Сам собой возник и вопрос об объединенной Европе. Тогда европейцы боялись, что расширение границ приведет к исчезновению национальных культурных традиций. Национальных — может быть, пожал плечами Леви-Стросс, зато начнут процветать местные, малые культуры. И это замечание тоже оказалось пророческим.
Точность исполнения прогнозов, которые я записала на интервью, начала меня даже беспокоить, особенно после того, как в одном из фильмов о Леви-Строссе я нашла прямую просьбу режиссера рассказать, как он видит грядущий век. Мне и раньше казалось, что наша эпоха Леви-Строссу не нравится. А тут он прямо говорит в камеру, что вряд ли его потомки будут чувствовать себя в своем времени комфортабельнее, чем он — в своем (и это пережив две мировые войны!). Такой прогноз устойчиво появляется во всех его последних статьях. Стоит процитировать его поподробнее: "Мировое население к моменту моего рождения начитывало 1,5 млрд человек. Когда я начинал работать, в 1930-е годы, оно достигло 2 млрд. Сегодня оно равняется 6 млрд, а через несколько десятилетий станет равно 9 млрд... Причины всех крупных современных трагедий прямо или косвенно связаны с все возрастающей сложностью совместного существования, что подсознательно ощущает человечество, переживающее демографический взрыв. Словно черви в муке, начинающие отравлять друг друга раньше, чем им перестает хватать пищи, оно может начать ненавидеть само себя, потому что тайное предзнание предупреждает его: оно слишком многочисленно для того, чтобы каждый из его членов мог бы воспользоваться такими основополагающими благами, как свободное пространство, чистая вода и незагрязненный воздух" (Уроки этнолога, Nouvel Observateur, 2005).

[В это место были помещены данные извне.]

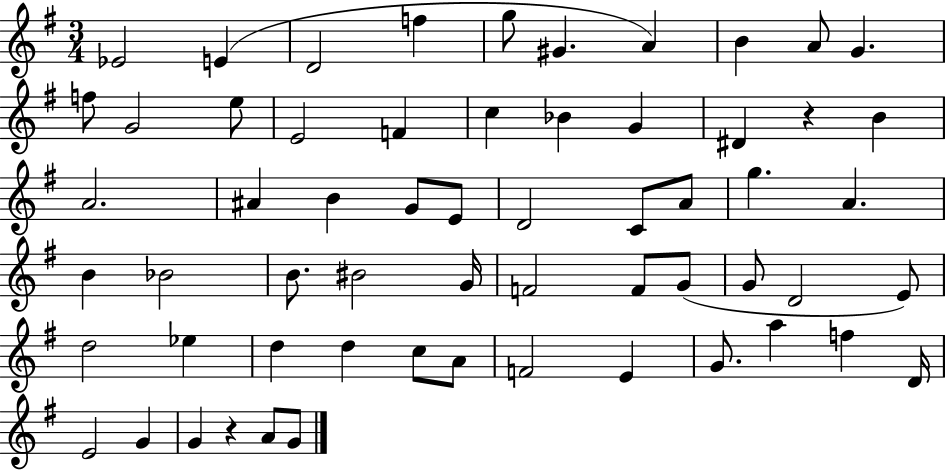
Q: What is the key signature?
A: G major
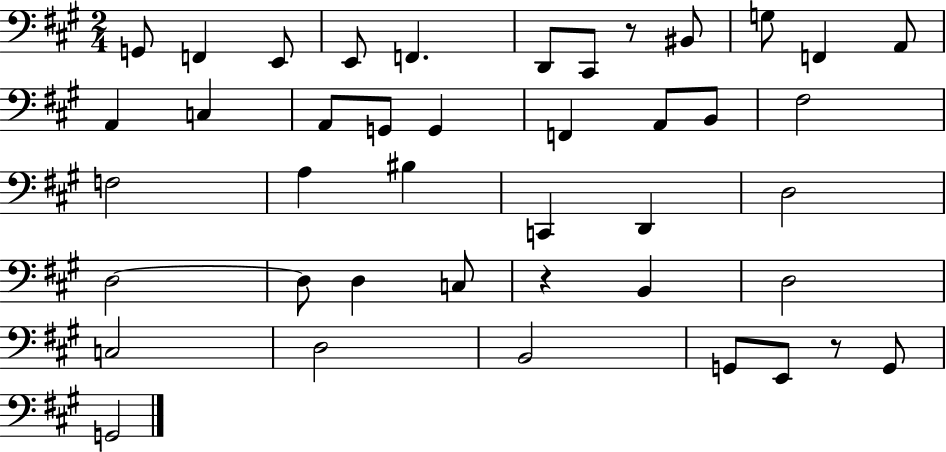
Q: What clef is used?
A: bass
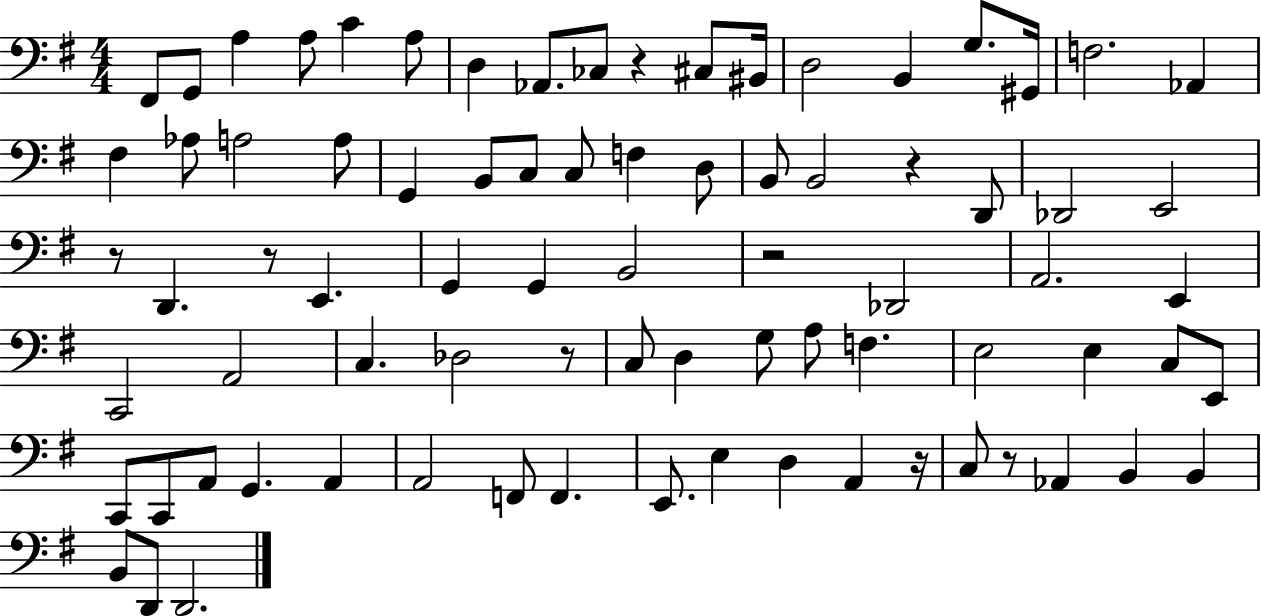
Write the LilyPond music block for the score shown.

{
  \clef bass
  \numericTimeSignature
  \time 4/4
  \key g \major
  fis,8 g,8 a4 a8 c'4 a8 | d4 aes,8. ces8 r4 cis8 bis,16 | d2 b,4 g8. gis,16 | f2. aes,4 | \break fis4 aes8 a2 a8 | g,4 b,8 c8 c8 f4 d8 | b,8 b,2 r4 d,8 | des,2 e,2 | \break r8 d,4. r8 e,4. | g,4 g,4 b,2 | r2 des,2 | a,2. e,4 | \break c,2 a,2 | c4. des2 r8 | c8 d4 g8 a8 f4. | e2 e4 c8 e,8 | \break c,8 c,8 a,8 g,4. a,4 | a,2 f,8 f,4. | e,8. e4 d4 a,4 r16 | c8 r8 aes,4 b,4 b,4 | \break b,8 d,8 d,2. | \bar "|."
}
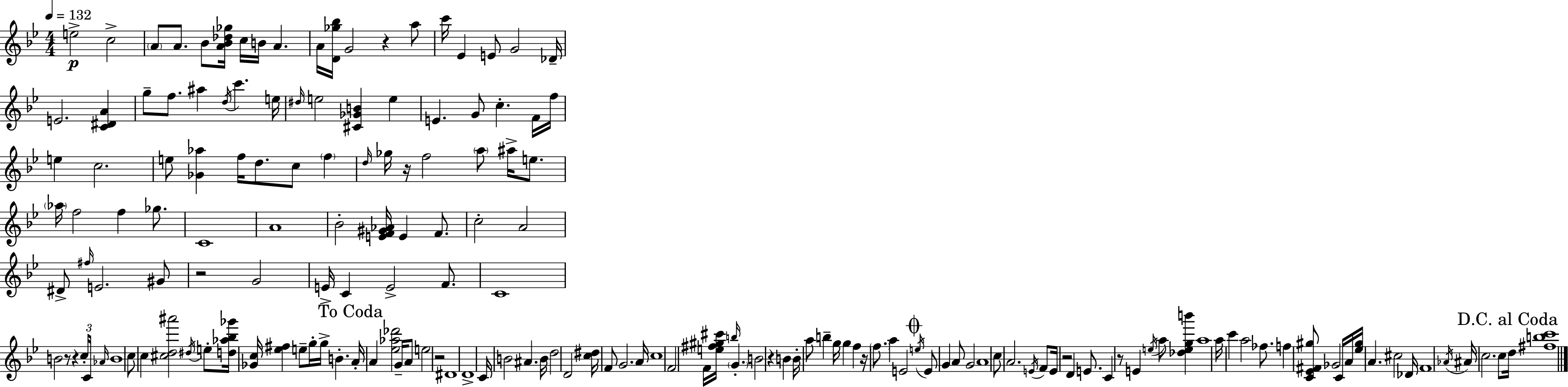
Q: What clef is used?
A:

Леви-Стросс оставляет человечеству шанс: признать свое равенство со всеми остальными формами жизни и согласиться, что права человека заканчиваются там, где он начинает истреблять другие природные виды. Оказывается, и экология была в сфере его размышлений, и не политизированная, а конкретная. Только что прочла кусочек из воспоминаний писательницы Катрин Клеман в Nouvel Observateur о ее встрече с Леви-Строссом в день смерти Кусто. О чудовищном антисемитизме и доносах Кусто во Франции известно давно. "И кто только посоветовал принять его в академию?" — возмущается Клеман. "Это я,— отвечает Леви-Стросс,— он защищал океаны". Опять взгляд со стороны человека? Возможно, поиск гармонии. В 1972 году на вопрос корреспондента, какую мотивацию, кроме научной, он находит в своей работе, Леви Стросс отвечал: "Мифы кажутся мне очень красивыми предметами. Наверное, я так долго занимался изучением мифов в надежде, что, демонтировав эти великолепные предметы, я смогу понять, что такое чувство красоты". На экране видно, как, говоря, он помогает себе руками. Я сразу вижу прекрасные трехмерные модели в его кабинете.